Schwäbische Zeitung (Leutkirch / Isny / Bad Wurzach)
Entspannungsübungen im Kreml
Frank-Walter Steinmeiers Visite beim russischen Präsidenten Wladimir Putin war der erste Besuch eines Bundespräsidenten nach mehr als sieben Jahren in Moskau. Steinmeiers Vorgänger Joachim Gauck hatte aus politischen und Gründen seiner Biographie einen Besuch vermieden. Kein Wunder, dass Putin auf diese sieben dürren Jahre gleich anspielte. „Ich hoffe, dass Ihr Besuch die Entwicklung der bilateralen Beziehungen vorantreiben und zur Festigung unserer zwischenstaatlichen Beziehungen beitragen wird“, sagte der Kremlchef.
Offizieller Anlass der Reise war die Feier zur Rückübertragung der Kathedrale St. Peter und Paul an die Evangelisch-Lutherische Kirche in Russland und das 500-jährige Reformationsjubiläum. Der russische Staat hatte die Kirche 1938 enteignet und das Gotteshaus in eine Filmwerkstatt verwandelt. Mit von der Partie war auch der EKD-Ratsvorsitzende Heinrich Bedford-Strohm.
Tatsächlich wollte der Bundespräsident in Moskau jedoch vorfühlen, was Wladimir Putin mit dem Westen, der EU und Deutschland in nächster Zeit im Schilde führt.

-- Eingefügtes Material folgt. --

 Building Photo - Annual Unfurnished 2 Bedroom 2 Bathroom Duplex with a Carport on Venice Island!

Den Gesprächsfaden nicht abreißen lassen, lautet das Credo des Ex-Außenministers. Russland und Deutschland seien zu wichtig, um in Sprachlosigkeit zu verfallen, warnte Steinmeier schon zuvor im Interview mit der russischen Zeitung „Kommersant“. Das klang ein wenig nach der Agenda des Außenministers, als der er in Russland immer noch wahrgenommen wird.

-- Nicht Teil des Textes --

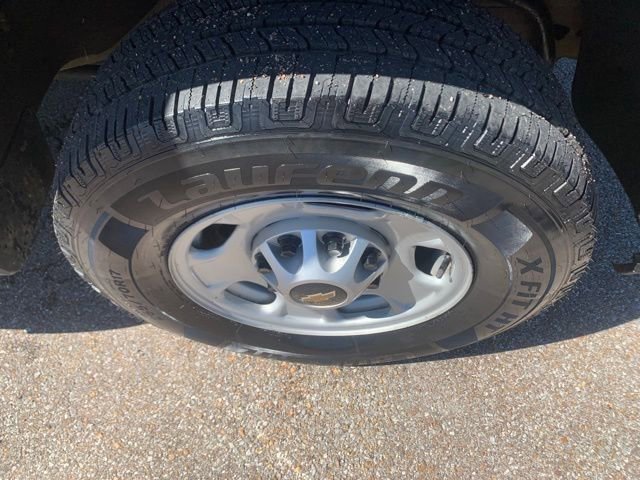 Used 2024 Chevrolet Silverado 2500 W/T image 10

Andere Staaten grenzten an Berge, Meere, Flüsse, Russland aber grenzt an Gott, zitierte Frank Walter Steinmeier den deutschen Dichter Rainer Maria Rilke in der Moskauer Kathedrale. Rilke hatte Anfang des 20. Jahrhunderts ein innig emphatisches Verhältnis zu Russland, nicht frei von Schwärmerei. Was aber wollte der Bundespräsident mit den Dichterzeilen andeuten? Russlands „grenzenlose“Gottesnähe? Wovor sich die Nachbarn fürchten?
Steinmeier wird geschätzt
In Moskau wird Steinmeier geschätzt. Hätte der Kreml etwas zu sagen gehabt, wäre der Bundespräsident mit militärischen Ehren und allem dazugehörigen Tamtam empfangen worden. Nach wie vor sieht der Kreml in ihm den russlandfreundlichen und fähigen Sozialdemokraten. Nicht zuletzt auch den Ex-Kanzleramtschef Gerhard Schröders, dessen Freund und einen Vertreter der Nachkriegsgeneration, für den die Ostpolitik Willy Brandts eine Zauberformel darstellt. Berlin setzte auf einen protokollarisch niedrigen Arbeitsbesuch.

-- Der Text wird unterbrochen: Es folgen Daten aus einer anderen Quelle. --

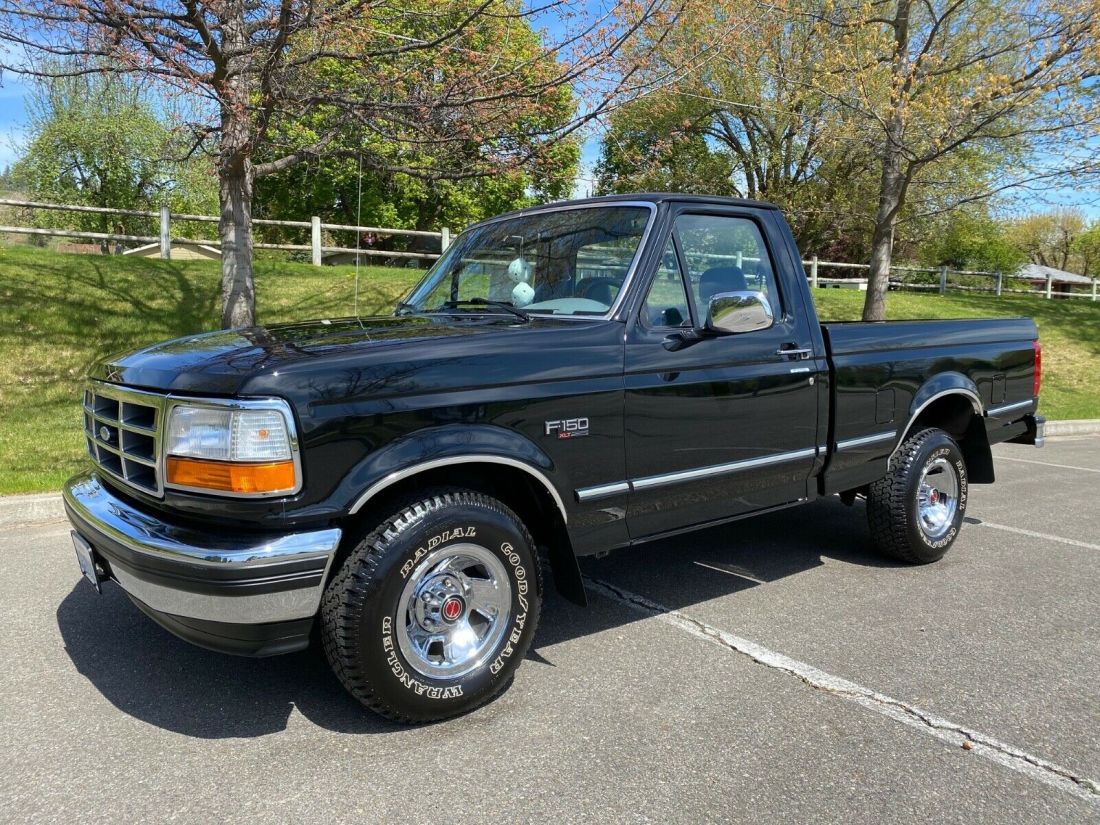 1994 Ford F-150 RARE ONLY 22,825 ACTUAL MILES LIKE NEW 2-OWNER - photo 4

Der Bundespräsident bewegt sich auf dünnem Eis. Schon der Wunsch, Vertrauen wieder aufzubauen, litt etwas Schlagseite. Wer hatte im Verhältnis zwischen der EU, Berlin und Moskau Vertrauen missbraucht? Dem „Kommersant“sagte Steinmeier, er hätte nicht die Illusion, dass er die Beziehungen verändern könne. Er wolle aber Wege aus der Negativspirale von Konfrontation, Vertrauensverlust und Vorwürfen finden. Seinen guten Willen honorierte Moskau nur selten. Der Kreml schätzt ihn, weil Steinmeier gelegentlich das Verhältnis von Ursache und Wirkung vertauscht. Wie im vergangenen Jahr, als er Nato-Übungen im Osten des Bündnisgebiets als „Säbelrasseln“bezeichnet hatte.